Apparently without a shred of irony, editorial-page editor Renee Loth has taken up her silvered quill and penned a rather quaint Victorian essay on the Virtues of Womankind. Specifically, the women of New Hampshire. It seems that in New Hampshire, serving on the state legislature has become one of those tainted women-jobs, like cleaning toilets and fixing hair. The result? Gas tax! Gay marriage! Liberals! Hooray!
Loth attributes a recent leftward shift in New Hampshire politics to the superior ethical powers of women, who are increasingly taking up the mantle of public service out of their vast selflessness, and deciding what's best for everybody else. I wish I were making this up.

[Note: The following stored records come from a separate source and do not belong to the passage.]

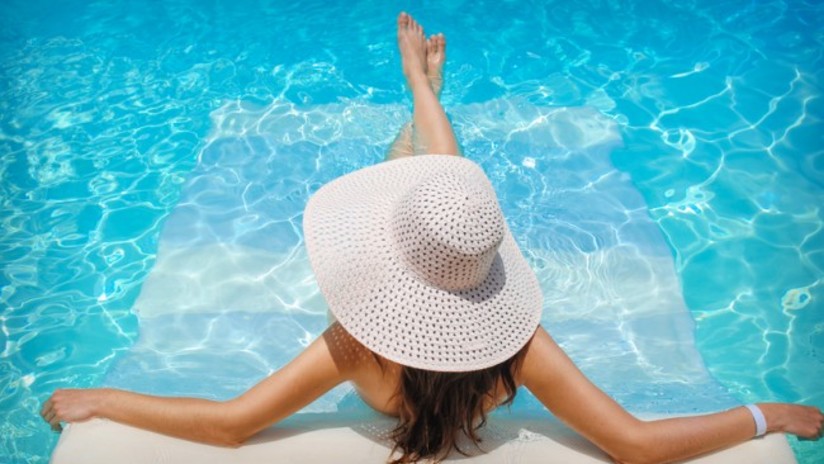 Woman lounging in the swimming pool at hablis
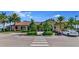Well-maintained community building with manicured landscaping and convenient parking at 6914 Grand Estuary Trl # 101, Bradenton, FL 34212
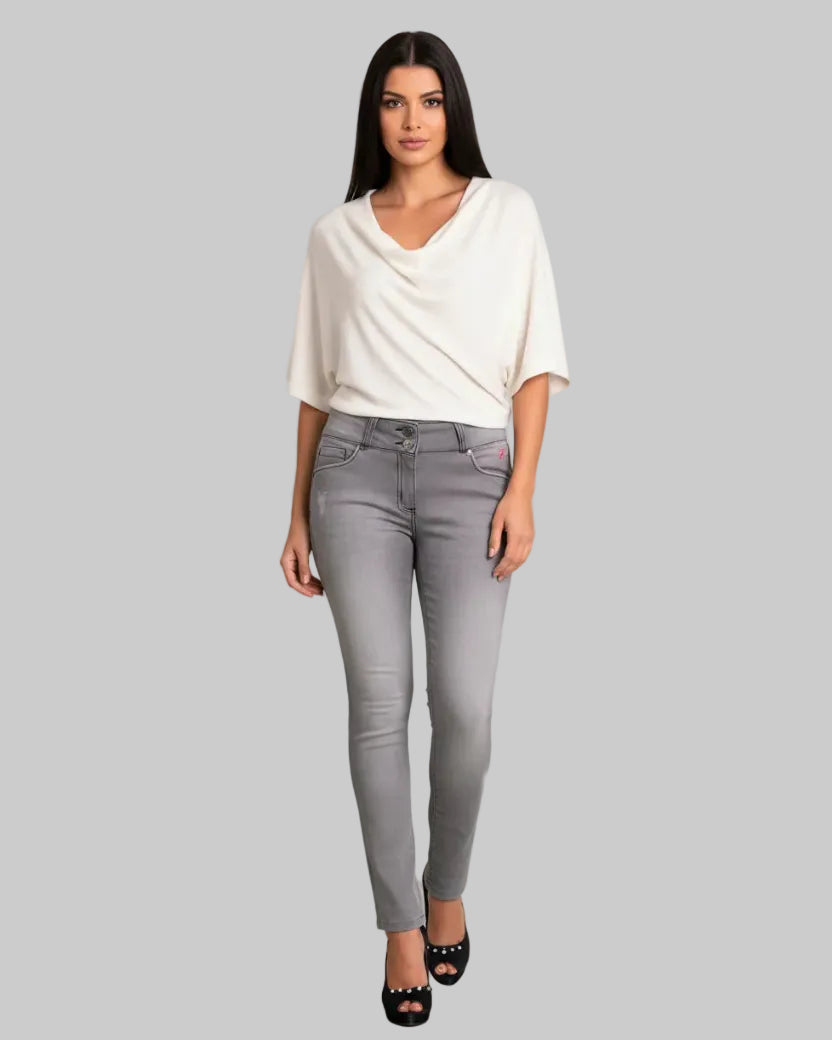 Woman wearing a white top and gray pants on a gray background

This is the more interesting question about women in power. Sure, women should be heard more in government - and the law, and science, and journalism - as a matter of sheer equity. But it's not the quantity of women so much as the different quality that can bring real change.
That last sentence. It appears to mean something. But what? What?
Women see the world as a web of relationships. They are more communitarian and less individualistic. They are less ideological and more practical. It's hard to imagine a better set of qualities for solving the intricate problems that face our world.
Naturally, all this female-superiority talk is playing straight into the grubby hands of the live-free-or-die-ers. The commenters on the Globe board, most of whom appear to be a bunch of third-generation Xerox copies of Howie Carr's mugshot come magically to life, are loving the hell out of it. A sample:
Let me summarize the article: Men are stupid, Women are reshaping NH (and the world) for the better.
Reverse all of the subtle and no so subtle points in the article and you have outrage from the liberal media and feminazis. Bashing men is so 21st century!
Well, Renee Loth, if you set out to prove nutjob libertarian gazillionaire Peter Thiel right, you're doing a hell of a job. Clearly letting those women-people vote is the first step down a nasty slippery slope of some sort.
But don't worry. Mommy is waiting at the bottom to catch all her wayward children, and gather them up into a bright and glorious future.